■ **SUPPLIED DATA**
>>>>
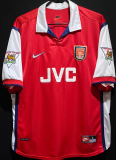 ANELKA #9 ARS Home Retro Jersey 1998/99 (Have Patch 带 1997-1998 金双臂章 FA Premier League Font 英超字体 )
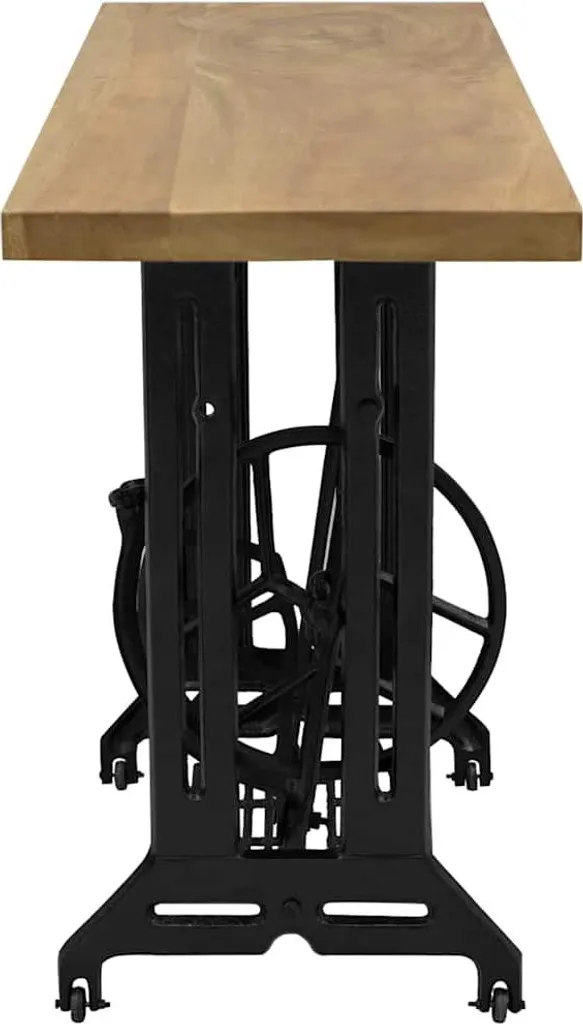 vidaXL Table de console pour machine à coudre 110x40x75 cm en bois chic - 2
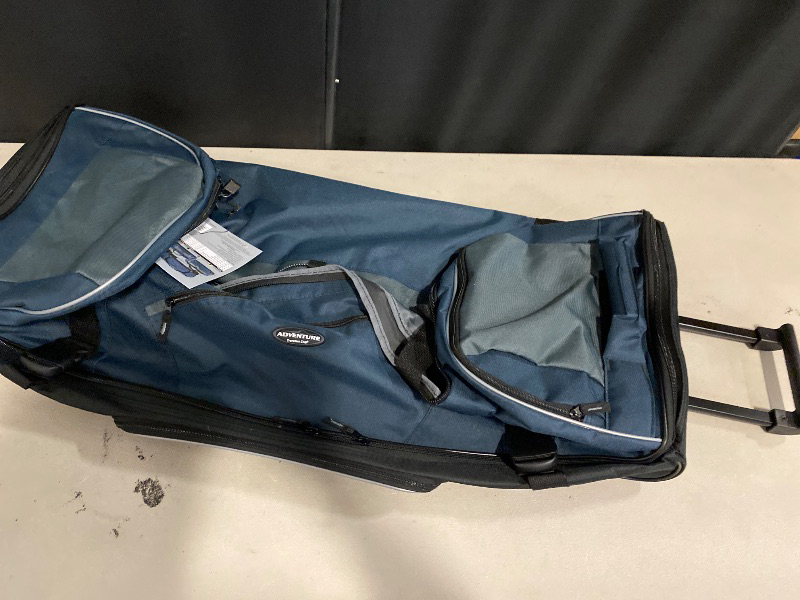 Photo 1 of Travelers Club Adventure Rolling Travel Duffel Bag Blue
<<<<
Every line from the one holding "vidaXL Table de" through the final line of the data above is to be reproduced exactly, both ends included, with the pictures left out.

■ **RESULT FOR THIS EXERCISE**
 vidaXL Table de console pour machine à coudre 110x40x75 cm en bois chic - 2
 Photo 1 of Travelers Club Adventure Rolling Travel Duffel Bag Blue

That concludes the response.